Connect distributed processes with redis

Arguments: - redis_host (:obj:str): Redis server host. - redis_port (:obj:int): Redis server port.

NNGMQ

Bases: MQ

__init__(listen_to, attach_to=None, **kwargs)

Overview

Connect distributed processes with nng

Arguments: - listen_to (:obj:Optional[List[str]]): The node address to attach to. - attach_to (:obj:Optional[List[str]]): The node's addresses you want to attach to.

Parallel

runner(n_parallel_workers, mq_type='nng', attach_to=None, protocol='ipc', address=None, ports=None, topology='mesh', labels=None, node_ids=None, auto_recover=False, max_retries=float('inf'), redis_host=None, redis_port=None, startup_interval=1) classmethod

Overview

This method allows you to configure parallel parameters, and now you are still in the parent process.

Arguments: - n_parallel_workers (:obj:int): Workers to spawn. - mq_type (:obj:str): Embedded message queue type, i.e. nng, redis. - attach_to (:obj:Optional[List[str]]): The node's addresses you want to attach to. - protocol (:obj:str): Network protocol. - address (:obj:Optional[str]): Bind address, ip or file path. - ports (:obj:Optional[List[int]]): Candidate ports. - topology (:obj:str): Network topology, includes: mesh (default): fully connected between each other; star: only connect to the first node; alone: do not connect to any node, except the node attached to; - labels (:obj:Optional[Set[str]]): Labels. - node_ids (:obj:Optional[List[int]]): Candidate node ids. - auto_recover (:obj:bool): Auto recover from uncaught exceptions from main. - max_retries (:obj:int): Max retries for auto recover. - redis_host (:obj:str): Redis server host. - redis_port (:obj:int): Redis server port. - startup_interval (:obj:int): Start up interval between each task.
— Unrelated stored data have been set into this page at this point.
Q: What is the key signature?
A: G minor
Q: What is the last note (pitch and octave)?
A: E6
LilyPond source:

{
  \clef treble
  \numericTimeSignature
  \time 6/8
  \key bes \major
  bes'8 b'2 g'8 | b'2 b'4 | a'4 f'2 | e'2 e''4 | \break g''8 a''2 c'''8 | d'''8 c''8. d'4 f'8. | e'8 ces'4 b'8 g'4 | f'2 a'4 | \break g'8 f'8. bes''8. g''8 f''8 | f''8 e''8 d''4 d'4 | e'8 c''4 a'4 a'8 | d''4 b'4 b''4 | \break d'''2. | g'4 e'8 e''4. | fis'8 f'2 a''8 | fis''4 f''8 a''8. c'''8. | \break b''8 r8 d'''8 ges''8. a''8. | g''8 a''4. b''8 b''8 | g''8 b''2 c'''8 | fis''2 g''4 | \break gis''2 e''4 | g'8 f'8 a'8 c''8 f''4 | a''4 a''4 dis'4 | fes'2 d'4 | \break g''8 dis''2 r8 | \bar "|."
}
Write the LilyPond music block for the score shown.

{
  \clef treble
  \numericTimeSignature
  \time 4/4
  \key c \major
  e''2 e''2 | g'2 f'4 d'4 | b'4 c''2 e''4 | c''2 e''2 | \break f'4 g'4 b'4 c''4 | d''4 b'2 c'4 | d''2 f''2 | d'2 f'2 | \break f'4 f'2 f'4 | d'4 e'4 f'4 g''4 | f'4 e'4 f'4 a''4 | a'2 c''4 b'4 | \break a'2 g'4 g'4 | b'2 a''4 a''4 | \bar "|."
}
Returns: - _runner (:obj:Callable): The wrapper function for main.

padding_param(int_or_list, n_max, start_value) classmethod

Overview

Padding int or list param to the length of n_max.

Arguments: - int_or_list (:obj:Optional[Union[List[int], int]]): Int or list typed value. - n_max (:obj:int): Max length. - start_value (:obj:int): Start from value.

on(event, fn)

Overview

Register an remote event on parallel instance, this function will be executed when a remote process emit this event via network.

Arguments: - event (:obj:str): Event name. - fn (:obj:Callable): Function body.

once(event, fn)

Overview

Register an remote event which will only call once on parallel instance, this function will be executed when a remote process emit this event via network.

Arguments: - event (:obj:str): Event name. - fn (:obj:Callable): Function body.

off(event)

Overview

Unregister an event.

Arguments: - event (:obj:str): Event name.

emit(event, *args, **kwargs)

Overview

Send an remote event via network to subscribed processes.

Arguments: - event (:obj:str): Event name.

get_attch_to_len()

Overview

Get the length of the 'attach_to' list of message queue.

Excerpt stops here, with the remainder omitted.